Bagikan:

JAKARTA - CEO Bank SEBA yang berbasis di Swiss, Guido Buehler, memprediksi bahwa  Bitcoin akan mencetak rekor baru pada tahun ini.  Dilaporkan, harga Bitcoin pada tahun 2022 ini akan mengalami kenaikan sebanyak dua kali lipat, sekitar 75 ribu dollar AS atau setara Rp1,07 triliun per-Bitcoin.

Lebih lanjut, Buehler mengatakan bahwa kenaikan ini terjadi karena investor multinasional makin banyak yang berminat ke Bitcoin. Dia pun yakin Bitcoin akan mencapai level tersebut dan hanya menunggu waktu yang tepat.

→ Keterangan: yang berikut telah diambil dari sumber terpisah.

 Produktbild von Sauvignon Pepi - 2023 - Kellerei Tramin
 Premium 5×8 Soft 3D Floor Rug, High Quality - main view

"Model penilaian internal kami menunjukkan harga saat ini antara 50 ribu dollar As (Rp713,9 juta) dan 75 ribu dollar AS. Saya cukup yakin kita akan melihat ke level tersebut. Pertanyaanya selalu tentang waktu," ucap Buehler, dikutip dari CNBC Indonesia, Jumat (21/1).

Pada tahun 2021 lalu, harga Bitcoin sempat melejit ke angka 69 ribu dollar AS atau Rp 985,2 juta pada bulan November. Namun, pada minggu lalu harganya menurun di angka 40 ribu dollar AS sekitar Rp574 juta.

Meski yakin akan naik ke level tertinggi, Buehler mengatakan bahwa Bitcoin masih akan mengalami fluktuasi yang cukup tinggi. Pria tersebut juga berujar jika investor institusi akan membantu naiknya Bitcoin pada tahun 2022 ini. CEO Bank SEBA tersebut juga berkata bahwa pihaknya memiliki aset untuk berinvestasi.

Di sisi lain, tren investor ritel sedang mengarah ke Bitcoin. CEO dompet kripto Ledger Pascal Gauithier, mengatakan bahwa para investor akan semakin percaya pada Bitcoin sehingga akan membantu menaikan harga koin tersebut.

“Mereka semakin percaya dengan Bitcoin dan orang-orang yang akan mendorong kenaikan harganya," terang Gauthier.

Di lain pihak, kepala market insight di Genesis, Noelle Acheson, mengatakan bahwa pada beberapa kesempatan dalam beberapa bulan terakhir bahwa Bitcoin merupakan aset yang berisiko. Pihaknya juga melihat, pasar mengalami ketakutan pada lonjakannya dalam sepuluh tahun terakhir.

"Saat pasar menjadi gelisah, Bitcoin jatuh. Kami melihat indikasi sentimen pasar agak ketakutan pada lonjakan dalam 10 tahun, ini tidak bagus untuk aset apapun dengan volatilitas tinggi dalam cash flow," ucap Acheson.